We’re a whole load of words into this review, and I still haven’t said anything about the actual game part of this video game. There’s a reason for that; as a game, Mafia 2 has its deficiencies. Action sequences are short and too rare, the stealth sequences are limited in variety and dead-easy, and the fist fighting gameplay, while interesting, is simple and repetitive. Driving around town is fun though, and it better be – you’ll spend more time driving around than shooting people in the face.
As for the shooting specifically, it’s perfectly adequate, but nothing special. The game doesn’t really strike a proper balance between arcade and realism, though. On the one hand, you’ll never run out of bullets since enemies drop them like crazy; on the other hand, most guns will kill you with only a few shots. I would’ve been nice if bullets were a little harder to come by, so that you’d have to be more careful.
In all honesty, Mafia 2 would’ve been better off with a structure more similar to Alan Wake’s. Alan Wake also had the town of Bright Falls to explore, but unlike Mafia 2, only the parts of town that made sense to be accessible during that part of the game were actually accessible. I know open-world is the Chemical X of today’s gaming industry, but Alan Wake’s structure would have been a much better fit for Mafia 2’s strictly linear storyline.
Whether you’ll like Mafia 2 or not will mostly depend on one thing: your affinity for the time period. I absolutely love the style and class of the ’40s and ’50s in America, so I felt right at home.
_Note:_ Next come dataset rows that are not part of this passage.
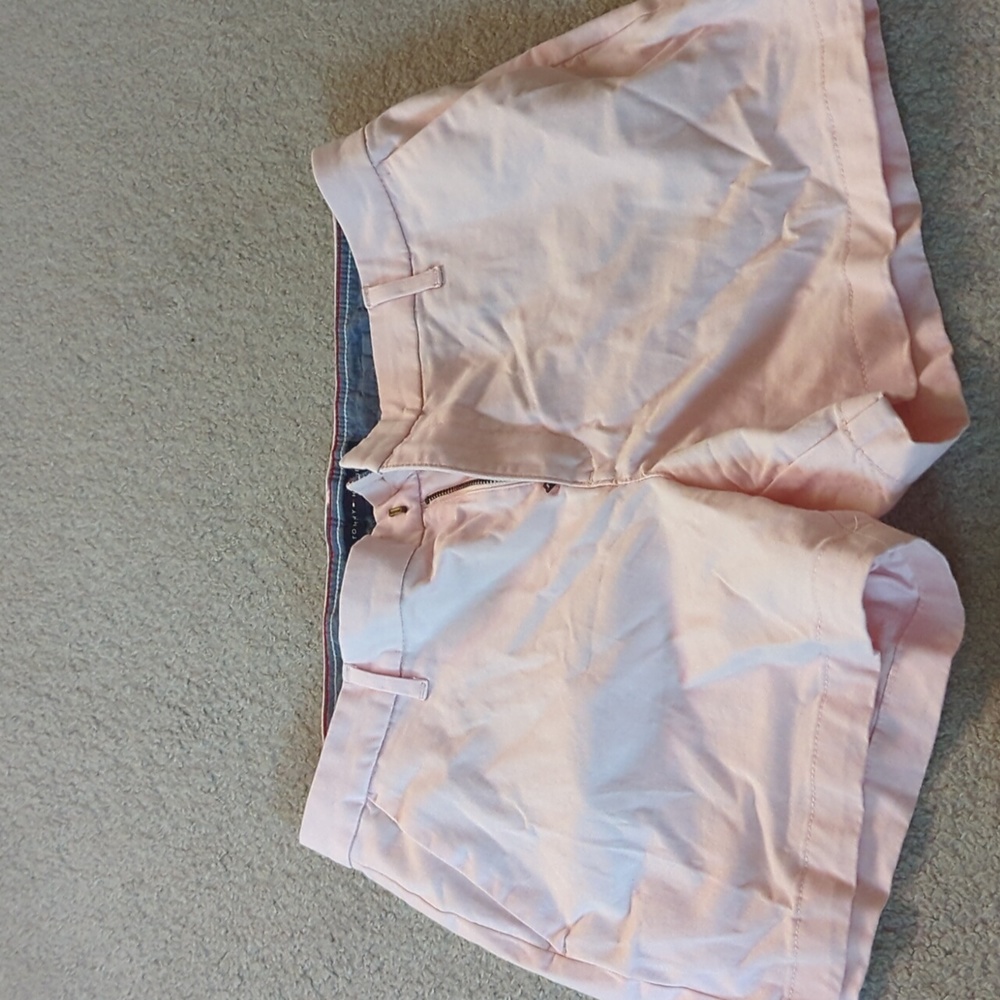 Tommy Hilfiger Pink Woman's Shorts Size 12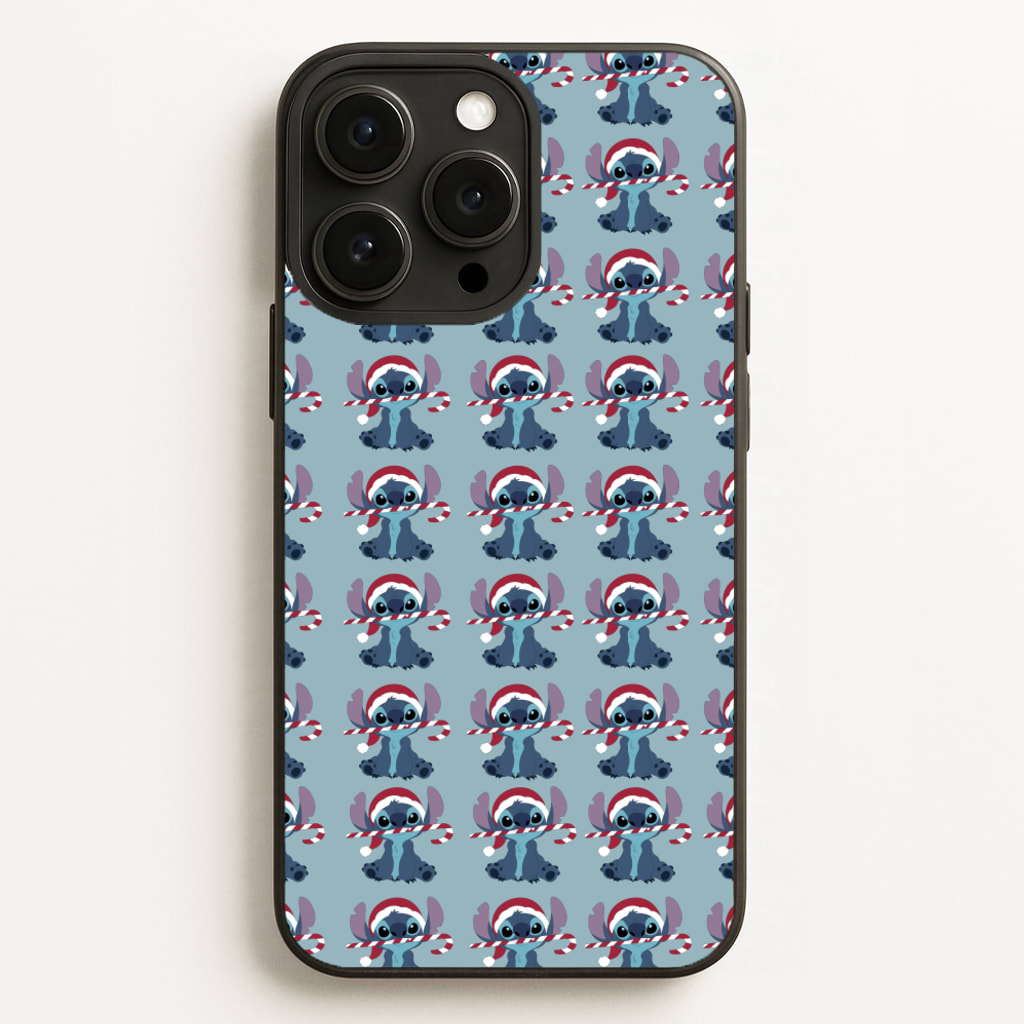 Stitch - Christmas Patterns - Christmas Patterns Phone Case for iPhone 12 Pro Max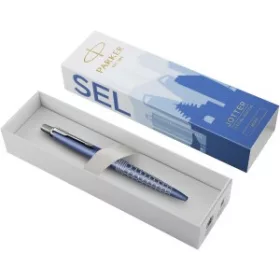   Parker Jotter SE Global Icons colour trim golyóstoll (12,8 x d: 1 cm, kék)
If you’re like me, you’ll enjoy the attention to detail and the love with which the time period is recreated on your screen.
If you’re just looking for a good action game or an open-world game, you can do a lot better than Mafia 2. This is a game that is made or broken by your love for its setting, and if that doesn’t float your boat in any particular way, Mafia 2 will only disappoint you by being generic.